O pecado faz com que o homem fuja de Deus, mas aquele que se agarra a graça que Deus deu em Cristo, estando em paz com Deus, deleita-se na paz de Deus e permanece nela, sabendo que Deus recebe com agrado às pessoas justa guardadora de verdades. Tu guardarás em completa paz a aquele cujo pensamento em ti persevera…» (Is. 26:2-4). Pode ser que a um cristão imaturo nada mais importe que o perdão de Deus; se apenas consegue estar em paz com Deus e sua consciência, isso lhe seria suficiente. Mas o cristão maduro irá mais adiante, procurará não só a paz com Deus e consigo mesmo, mas a paz de Deus, pois esta realidade espiritual é o que nos permite ter contato com o próprio Deus e não apenas com uma de suas obras. A qual, sendo primeira e a mais importante, por ser esta obra a que nos abre a porta a todas as demais bênçãos, não obstante, uma coisa é desfrutar das bênçãos de Deus e outra muito mais rica é desfrutar a ele mesmo, porque ele é a fonte de toda bênção. Deus guardará em completa paz… quer dizer que há uma paz que, sendo verdadeira, não é completa; esta é a paz com Deus. A paz completa consiste em que, tendo a paz com Deus, desfrutemos da paz de Deus, para o qual é necessário permanecer nele com nosso pensamento.
A fé é a ferramenta que se apropria da paz com Deus; enquanto que para gozar da paz de Deus, requer-se a nossa confiança e obediência. Segundo Filipenses 4:9, «isto fazei; e o Deus de paz será convosco». É confiança no que Deus tem dito e tem feito em Cristo; é obediência à fé respaldada pela graça de Deus. Fé e obediência são duas categorias de palavras que vão juntas no aproximar-se e no caminhar com Deus.

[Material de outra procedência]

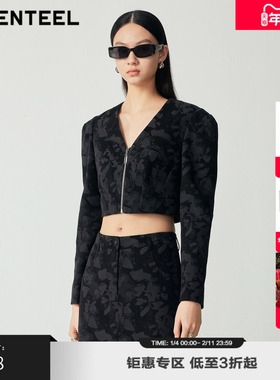 H·GENTEEL荷高装女酷感豹纹印花收腰短款外套GUD34520569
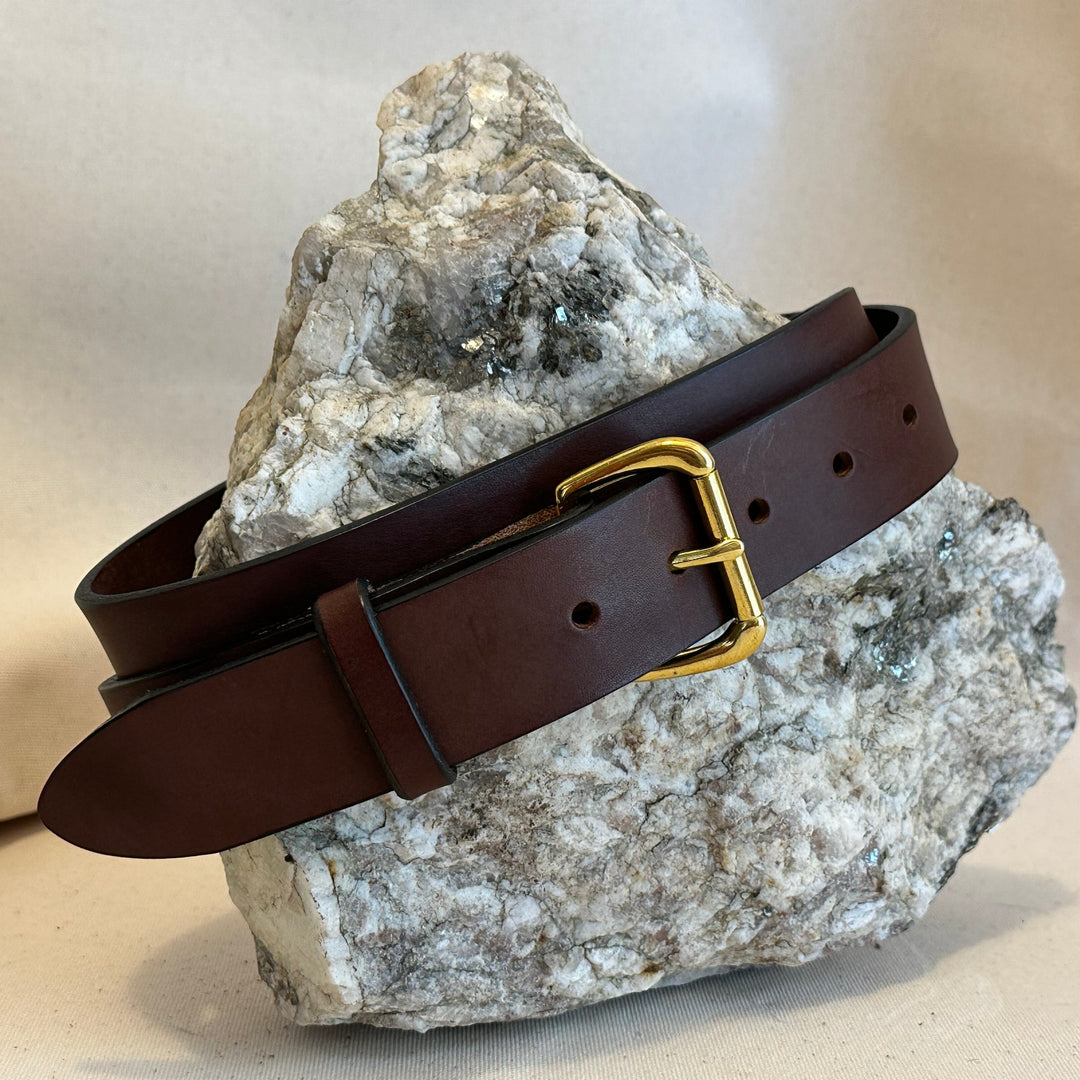 Handmade Havana Dark Brown Leather Belt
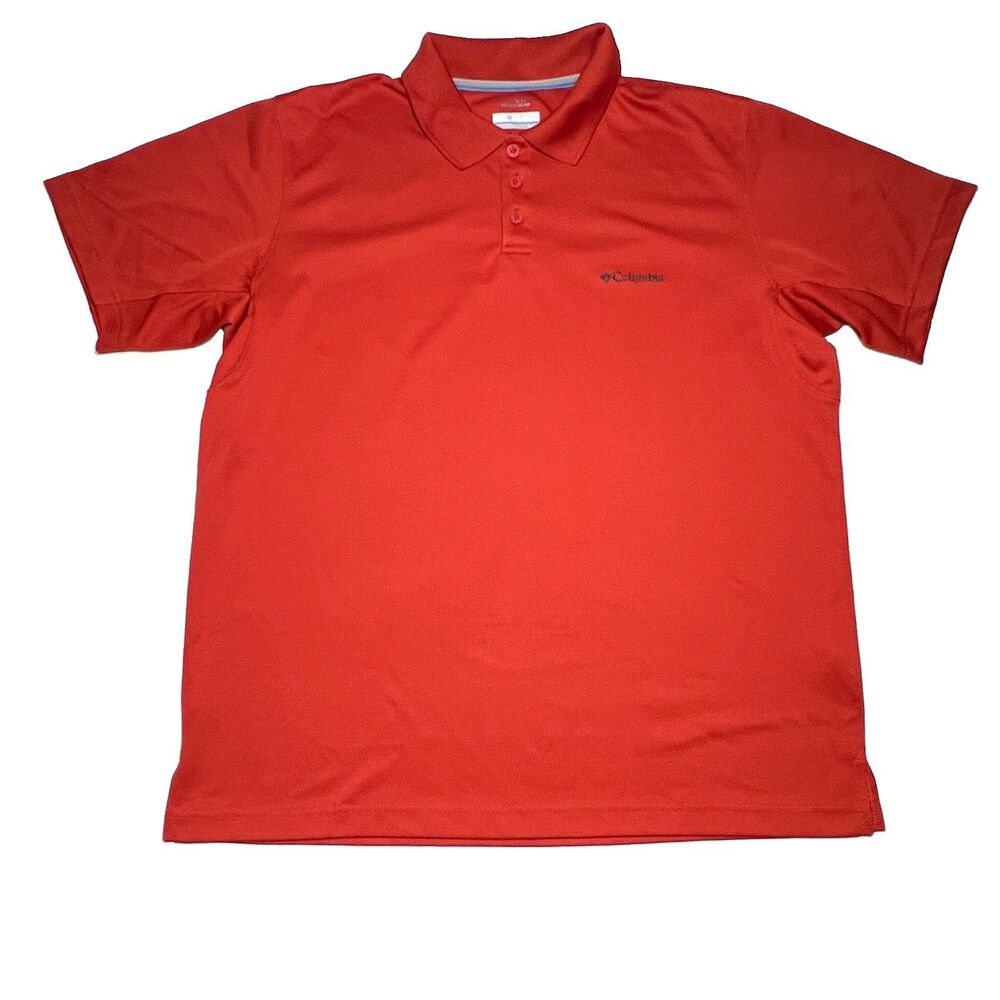 COLUMBIA Omni Shade Sun Protection Short Sleeve Polo Shirt Size XL/TG Orange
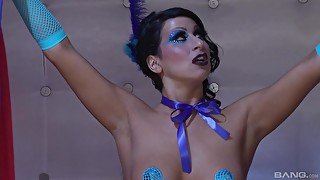Kinky Sophia Bella loves to suck a dick thru gloryhole before sex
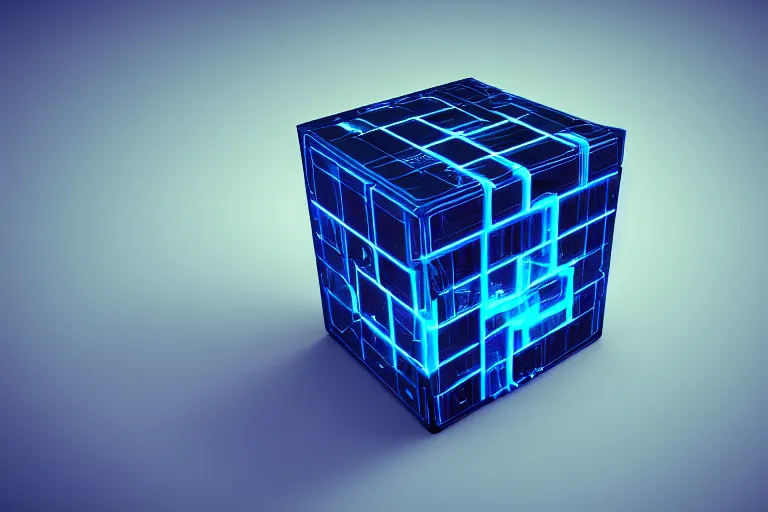 Prompt: a single Cyberpunk Intricate black and neon blue cube no background 4K 3D render desktopography HD Wallpaper digital art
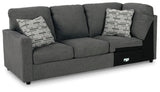 Edenfield Charcoal 3-Piece Sectional with Ottoman — angled view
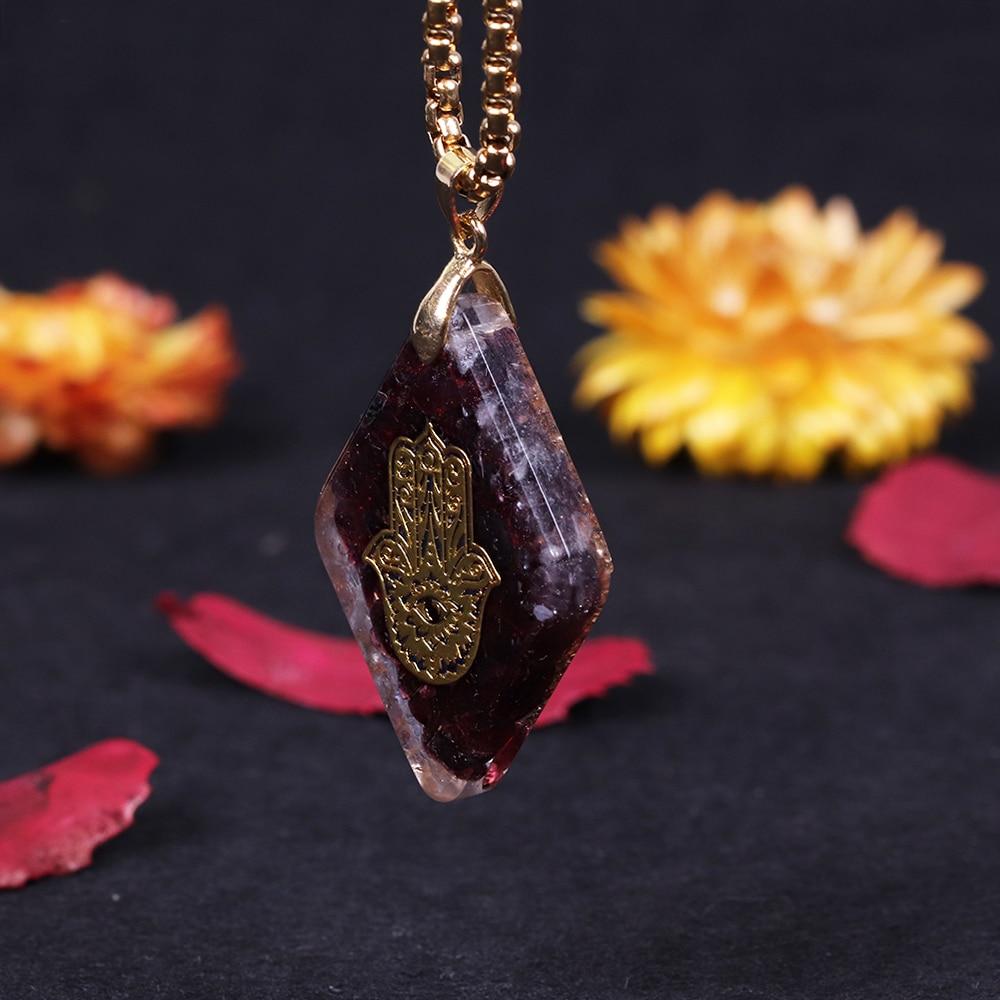 Hand of Fatima Orgonite Garnet Necklace - Buddha Walks Shop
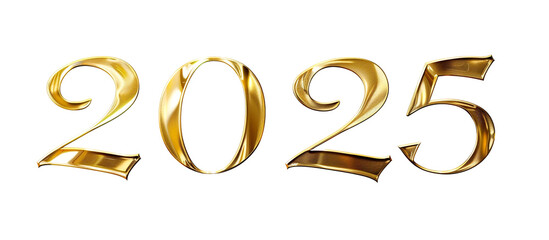 Obraz premium shiny gold text 2025 on a transparent background, graphic design new year concept, png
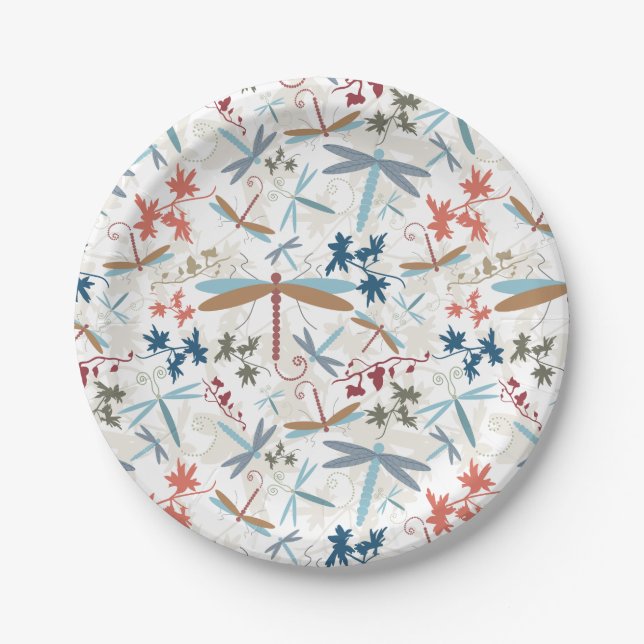 Dragonflies Multi Colored Pattern Paper Plates (Front)
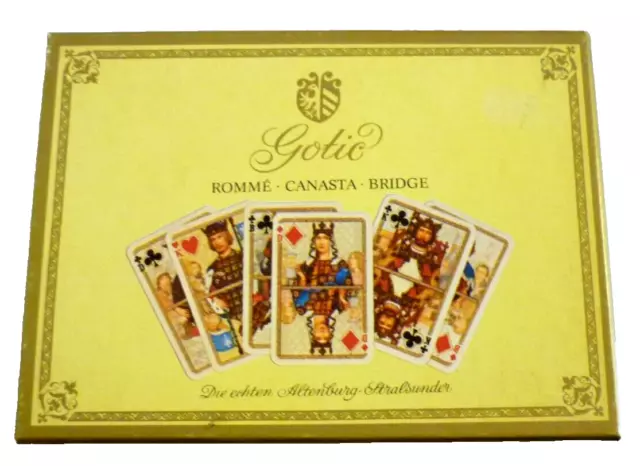 Spielkarten Altenburg-Stralsunder BRIDGE - CANASTA - ROMMÉ 2 Decks GOTIC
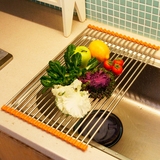 简易硅胶不锈钢折叠厨房水槽架水果蔬菜沥水架收纳整理置物碗碟架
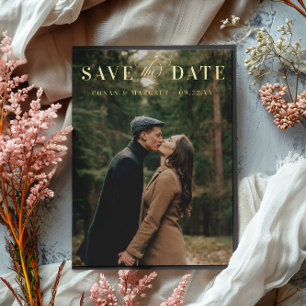 Big Photo Folie Save the Date Gold Folie Uitnodiging Briefkaart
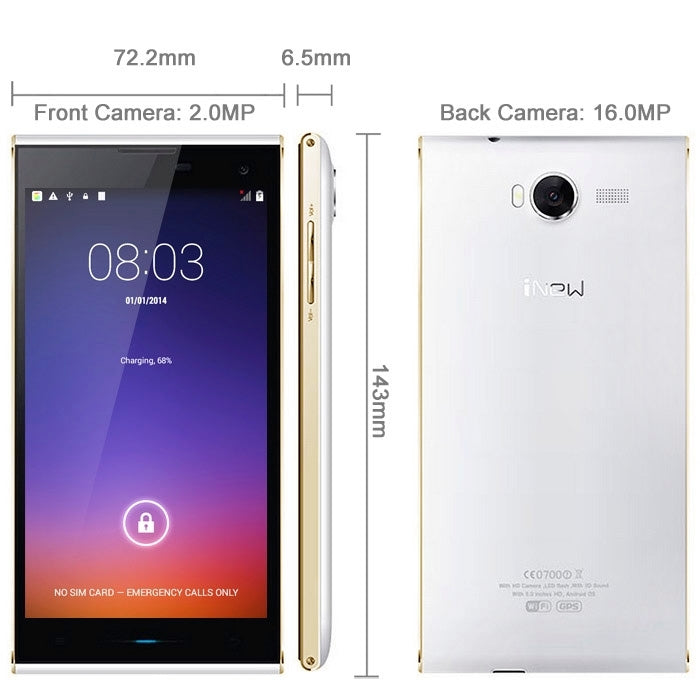 iNew V7 16GB, Network: 3G, 5.0 Inch HD IPS Screen MTK6582 Quad Core 1.0GHz, RAM: 2GB(White)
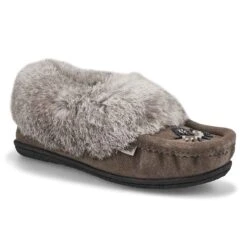 SoftMoc Women's Cute 5 Rabbit Fur Moccasin - -Softmoc CUTE5 GRY XXX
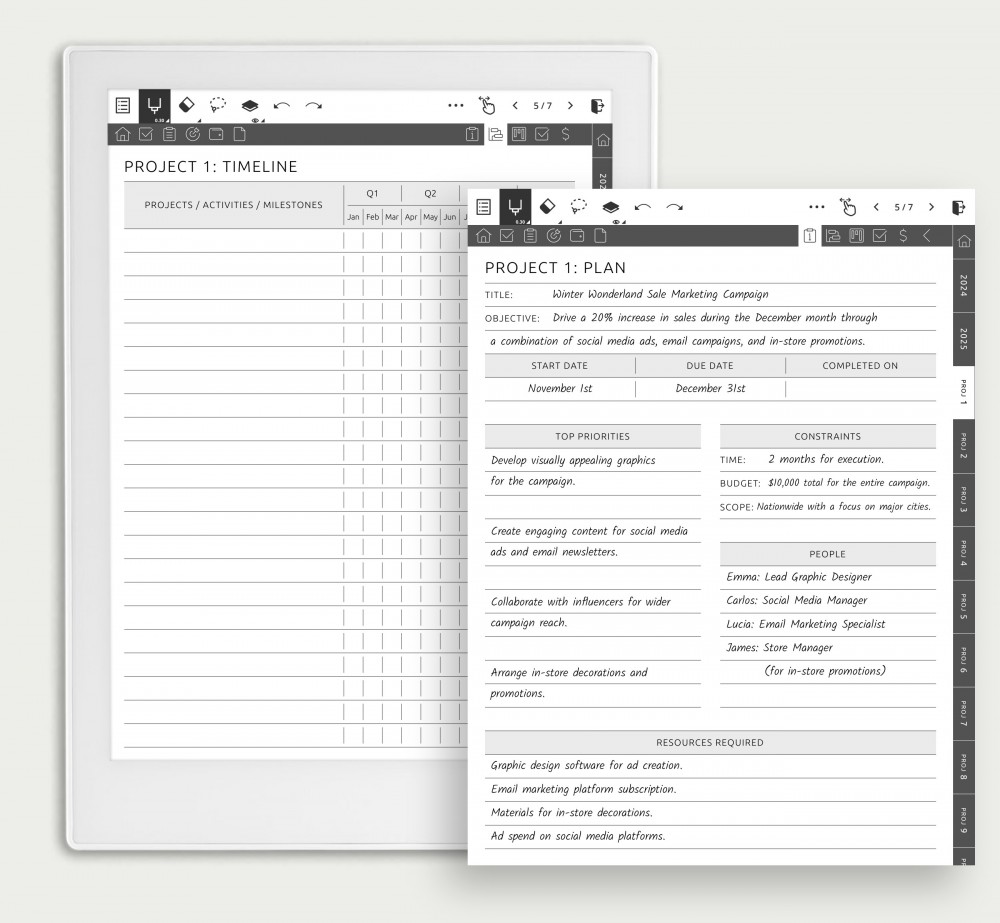 Effortless Project Management: Take Control of Your Tasks with Our Planner for Supernote Planner Effortless Project Management: Take Control of Your Tasks with Our Planner Template for Supernote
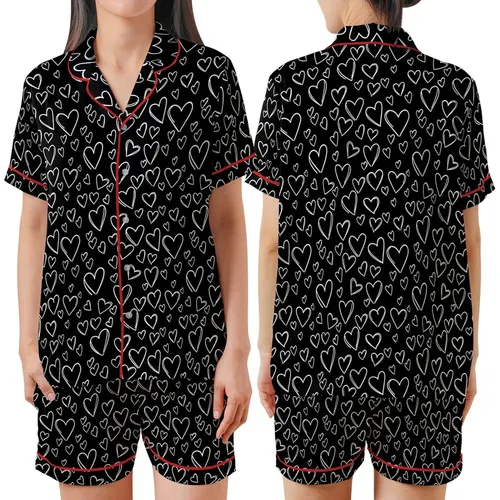 Casual Heart Enthusiast: Scattered White Outline Heart Doodles Black – Everyday Print Design Satin Short-Sleeve Pajamas Set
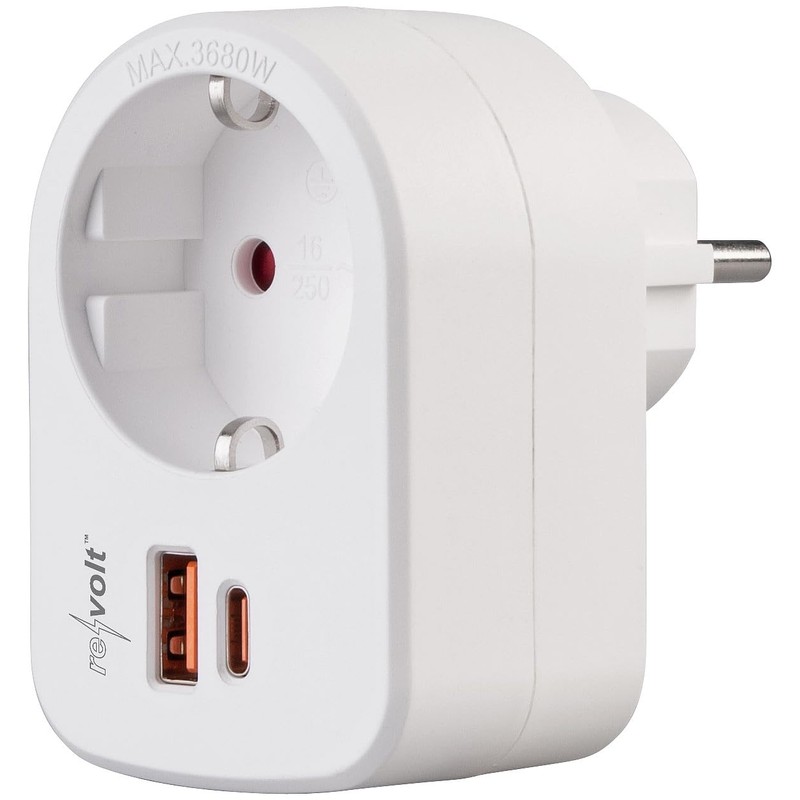 revolt Surface-Mounted Sockets, Schuko: Set of 2 3-in-1 Sockets, USB-C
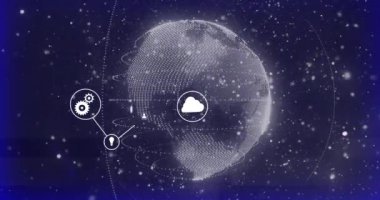 Dönen dünya üzerindeki dijital simgelerin ve bağlantıların animasyonu. Küresel bağlantılar, dijital dünya ve dijital arayüz konsepti dijital olarak oluşturulmuş video.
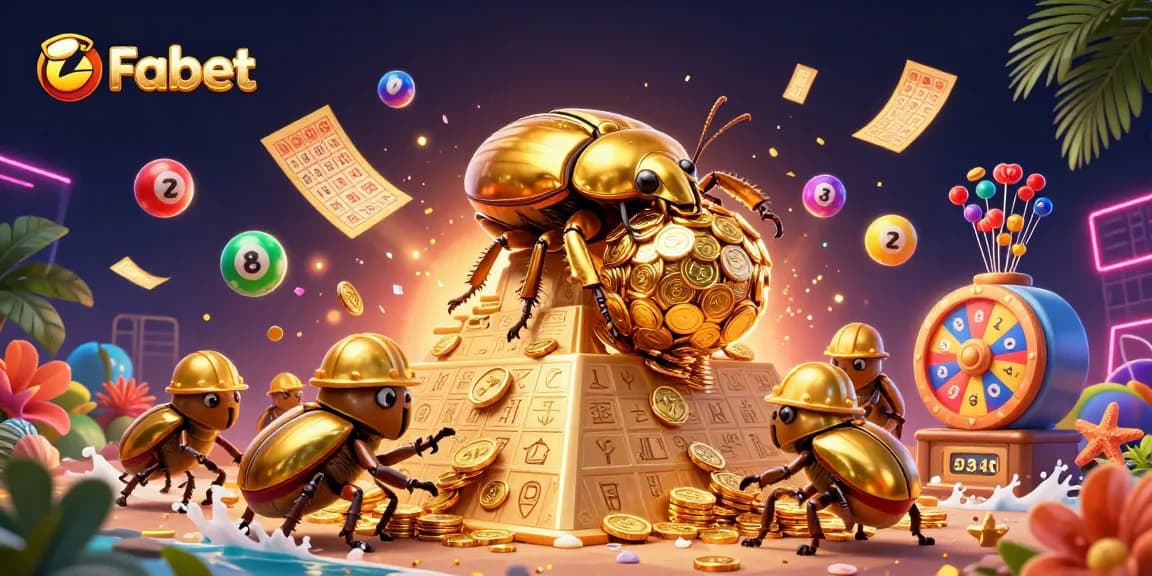 Engage with Fabet's thrilling lottery scene featuring colorful bouncing balls and golden prizes.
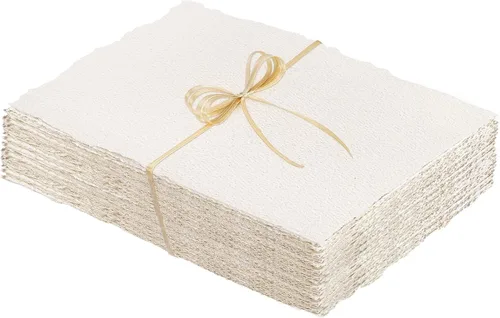 Miniatura 9 de 50 hojas de papel para acuarela 3.5 x 2, 300 g/m² Papel de borde deshilachado Papel hecho a mano rugoso/texturizado para acuarelas, invitaciones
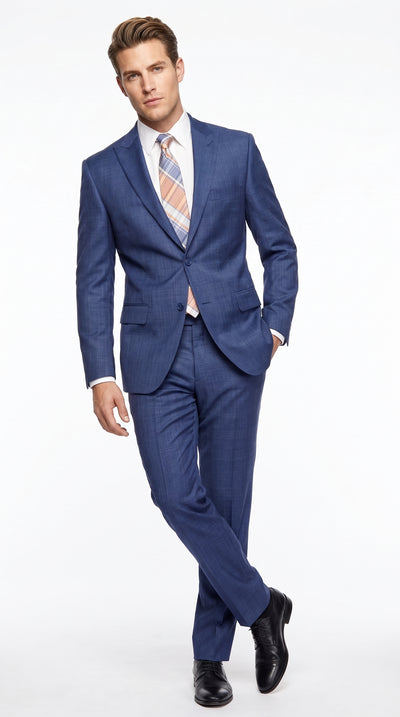 Men’s Blue Plaid 2 Button Suit, Modern Fit Peak Lapel Formal Wedding Business Suit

A fé nos aproxima de Deus e a obediência nos faz caminhar com ele; mas o denominador comum é a graça de Deus.
Todas as barreiras que impediam o acesso a Deus foram removidas com a obra de Cristo; toda inimizade ficou resolvida; os véus foram tirados e se deu o acesso à graça de Deus «na qual estamos firmes». Isto implica uma afirmação contundente em relação à segurança da completa salvação que temos em Cristo, e tudo isto faz que Deus se revele a nós mais glorioso, pela glória da salvação com que nos favoreceu.